Think about it. Death. Taxes. Heartache. And spiders (assuming you have arachnophobia). But the effect of the inevitable on you is dependent upon your interpretation. Death is the end of life. Taxes are a burden on the pocketbook. Heartache is the rejection of someone special. Spiders bite people.
But viewed from another angle things can transform. Death can be the beginning of new life, or the end of old suffering. Your tax money could be saving the life of someone that relies on the assistance it pays for. Heartache can be both the release of something painful and the opportunity to find something better. And spiders eat other shitty household pests.
I say that all to say this. Change is much the same way. It's effect is grounded in your interpretation of it. Health changes. Finances change. Jobs change. Living situations change.
This change with people is the one I struggle with the most. In my life I've very much been someone who looks to the past. I have fond memories of many people in many locations doing many things. But eventually those people I remember stop being the people I remember. So what do you do when that happens? Do you live in the past hoping that someday everything is going to go back to the way it was? Or do you close that chapter and move on?
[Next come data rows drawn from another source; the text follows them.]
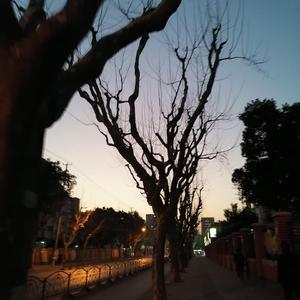 you are my little star 冬日残阳-(prod.by wavytrbl)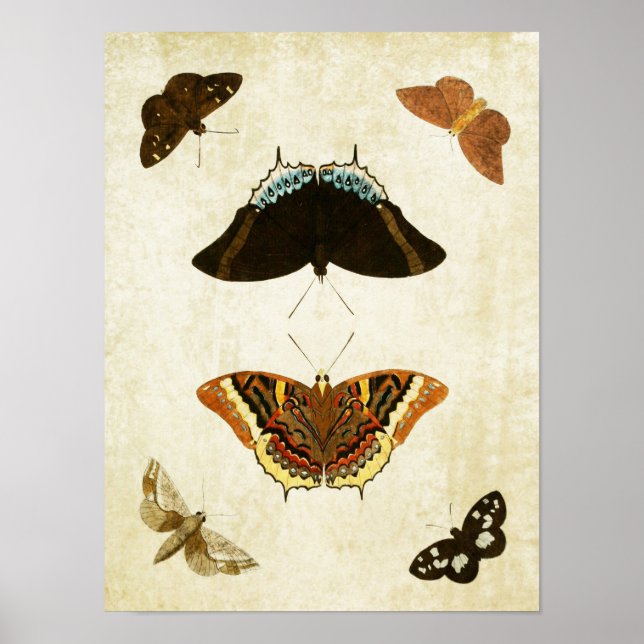 Papillon vintage Impression 074 (Devant)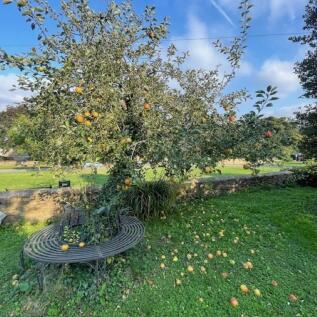 Property Image 61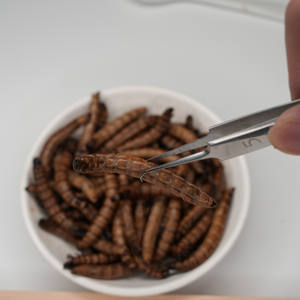Direto-Preservado Da Fábrica Mealworms Amarelos, réptil nutritivo & alimento do pássaro, deleites de alta proteína - Product Image 6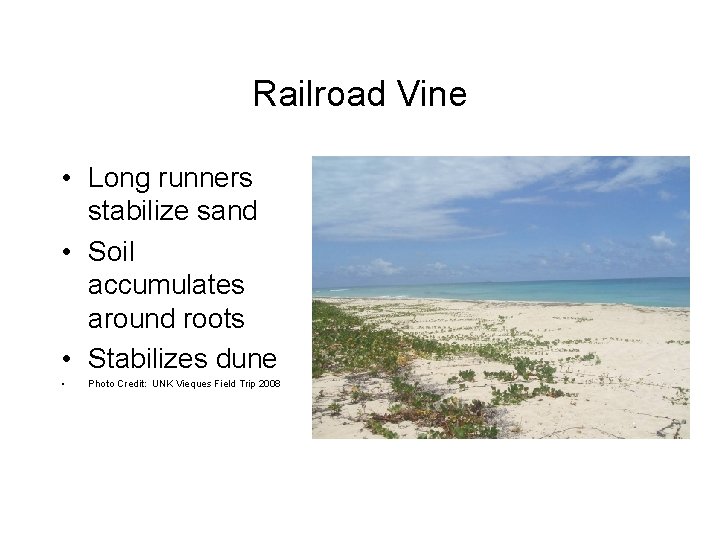 Railroad Vine • Long runners stabilize sand • Soil accumulates around roots • Stabilizes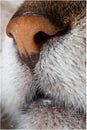 A brown velvet wet cat`s nose Royalty Free Stock Photo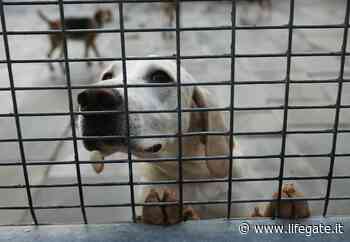 Il nuovo canile di Santa Maria Capua Vetere sarà gestito dai detenuti - LifeGate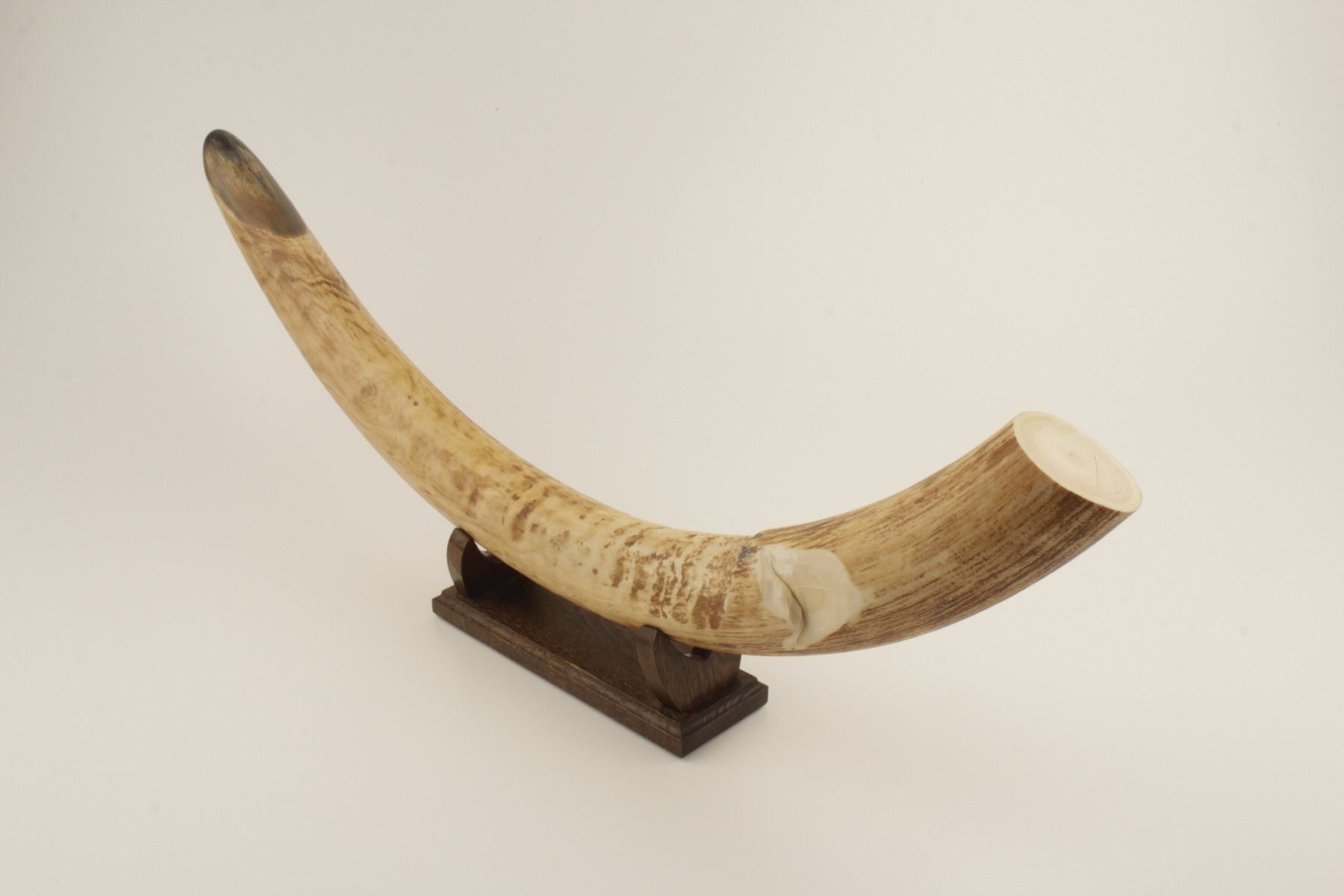 Natural mammoth tusk tip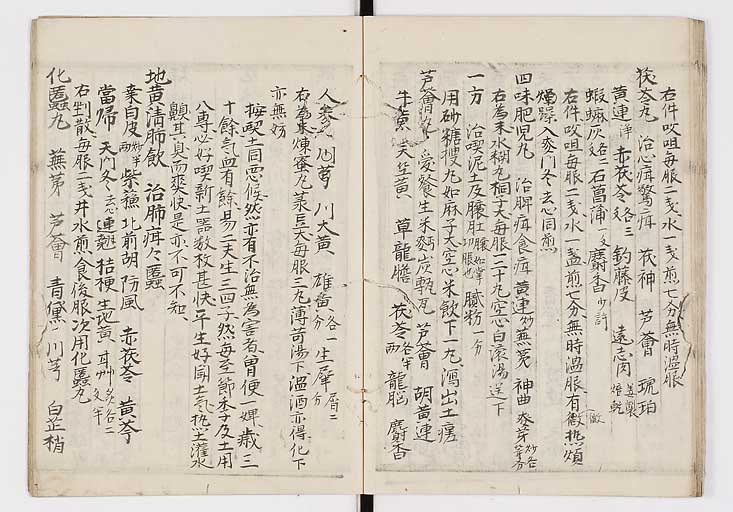 K0009s0096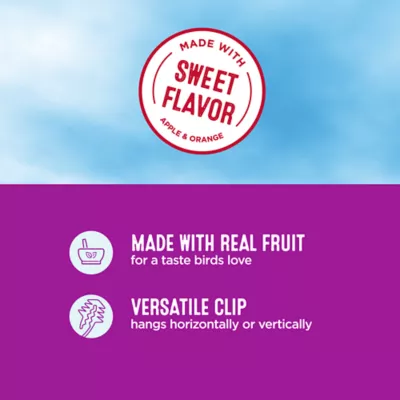 Product All Living Things® Fruit Flavored Cockatiel Crunchy Sticks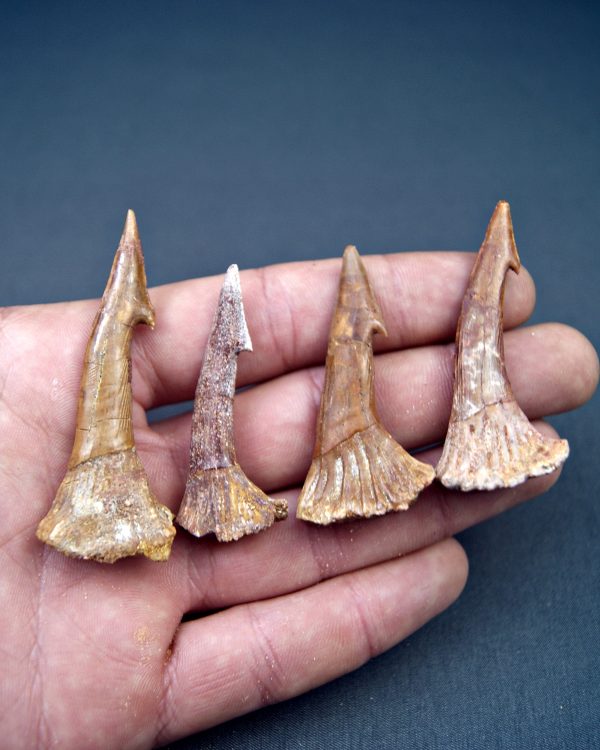 Onchopristis numidus (UND)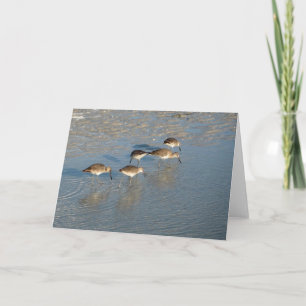 Sandpipers notecard
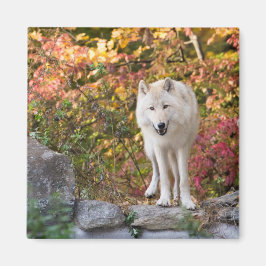 Nyfiken Grått-Varg Magnet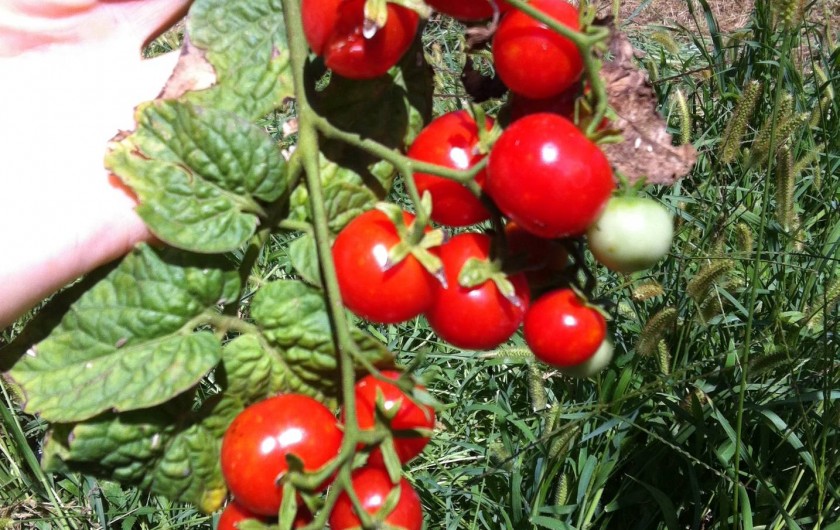 Location de vacances - Appartement à Cecina - notre tomates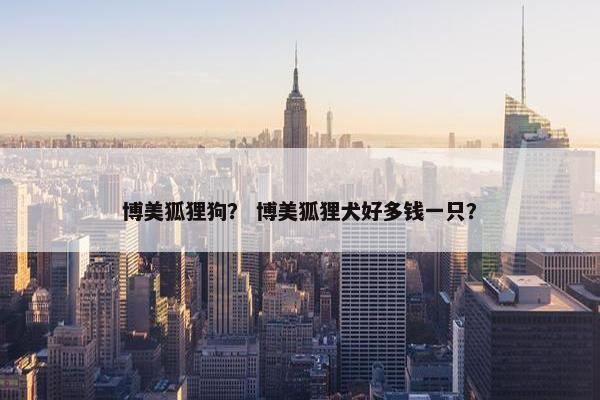 博美狐狸狗？ 博美狐狸犬好多钱一只？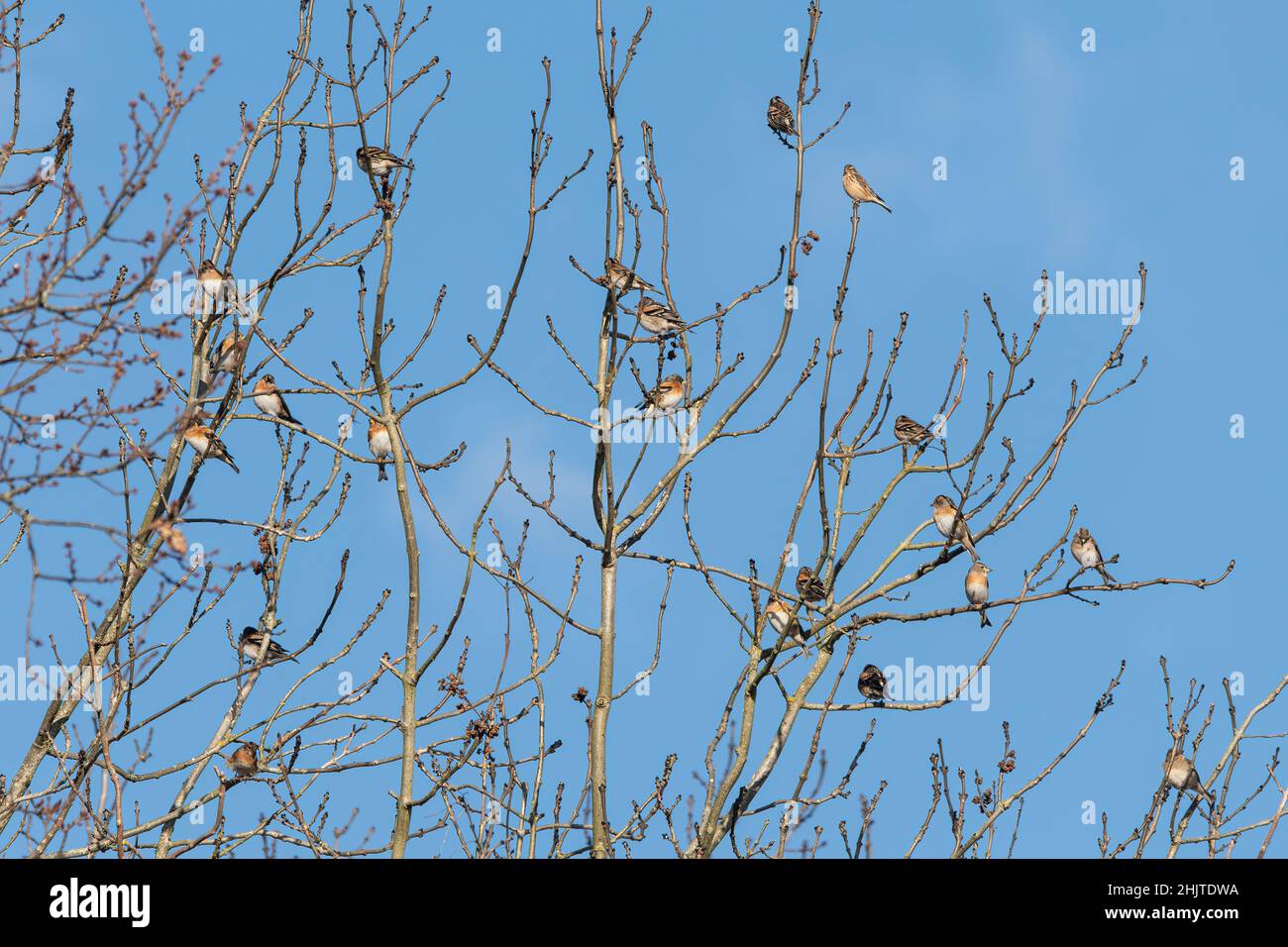 Gregge di bramblings (Fringilla montifringilla) che si sovrappone vicino a Reigate, Surrey, Regno Unito Foto Stock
Unfortunately, I've been delusional enough to fall for the former quite often. Some people's chapters in my life are short, some are long, some are just right, and some are boring, drawn out, and well past their prime. The ones I hopelessly hang on to are the ones that hurt.
I still have chapters open on people that I am sure have long forgotten who I am. People that are now just as stranger to me as those I pass in the supermarket. But their old image keeps my pen pressed to the paper ready to pick right back up where I left off. And that's a pretty shitty place to be.
I would view that closing of that chapter as the loss of something beautiful. The abandonment of everything that relationship meant. The removal of someone who helped mold me.
Or I could view that as the removal of a burden. You could stop writing that long shitty drawn out chapter of your life and begin a new one. One with adventure, friendship, and any other cliche you want to involve. But its hard to focus on the future when you are stuck in the past. People outgrow people. It happens. But that doesn't mean you aren't allowed to outgrow them too.
It's all a matter of interpretation. That said, I still struggle to close chapter and to write new ones. It's hard to stay positive in a world of gray. And in a world of Facebook memories its hard to let things go. But I guess that's my problem.
"And I heard em say, nothings ever promised tomorrow to day, but we'll find a way."